TASK OBJECTIVE: Each line starting at the one that contains "Goede prijs. Temperatuurmeter" and ending at the one that contains "Kia Niro EV Upgrade" must be returned exactly, and the rest of the listing is left out.

SUPPLIED INFORMATION:
§ §
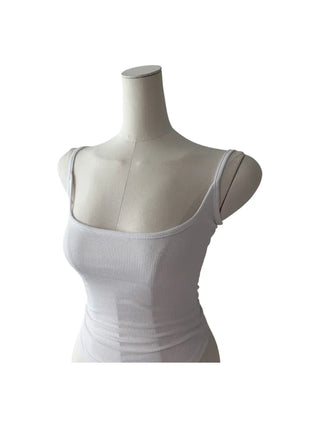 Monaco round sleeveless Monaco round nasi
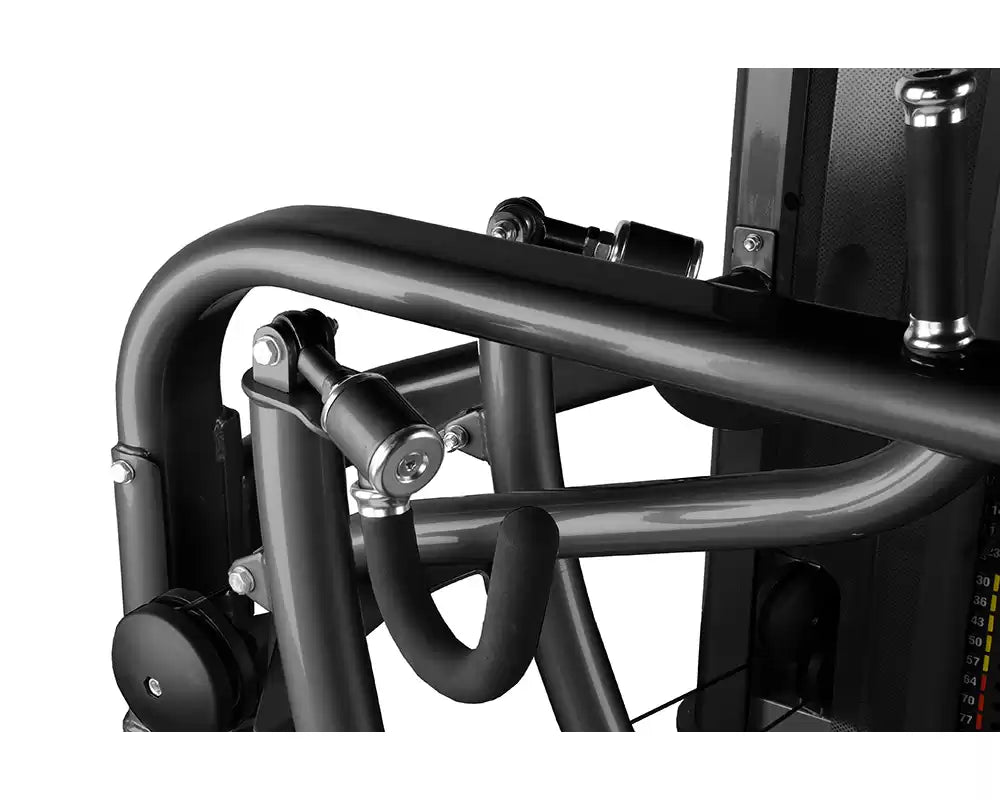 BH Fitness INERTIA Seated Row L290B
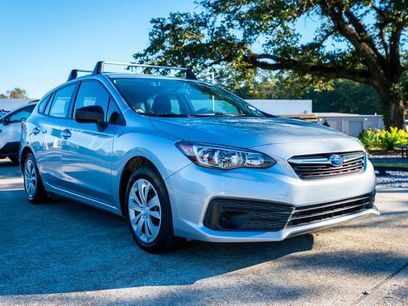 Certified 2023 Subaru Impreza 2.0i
§ §
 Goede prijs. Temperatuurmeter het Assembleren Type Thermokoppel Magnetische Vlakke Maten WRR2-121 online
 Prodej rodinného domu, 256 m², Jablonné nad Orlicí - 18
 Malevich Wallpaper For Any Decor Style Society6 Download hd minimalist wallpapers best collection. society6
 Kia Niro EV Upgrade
§ §
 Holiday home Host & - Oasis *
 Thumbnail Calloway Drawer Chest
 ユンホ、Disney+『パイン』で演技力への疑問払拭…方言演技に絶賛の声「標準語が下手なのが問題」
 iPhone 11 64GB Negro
§ §
ANSWER SPACE:
 Goede prijs. Temperatuurmeter het Assembleren Type Thermokoppel Magnetische Vlakke Maten WRR2-121 online
 Prodej rodinného domu, 256 m², Jablonné nad Orlicí - 18
 Malevich Wallpaper For Any Decor Style Society6 Download hd minimalist wallpapers best collection. society6
 Kia Niro EV Upgrade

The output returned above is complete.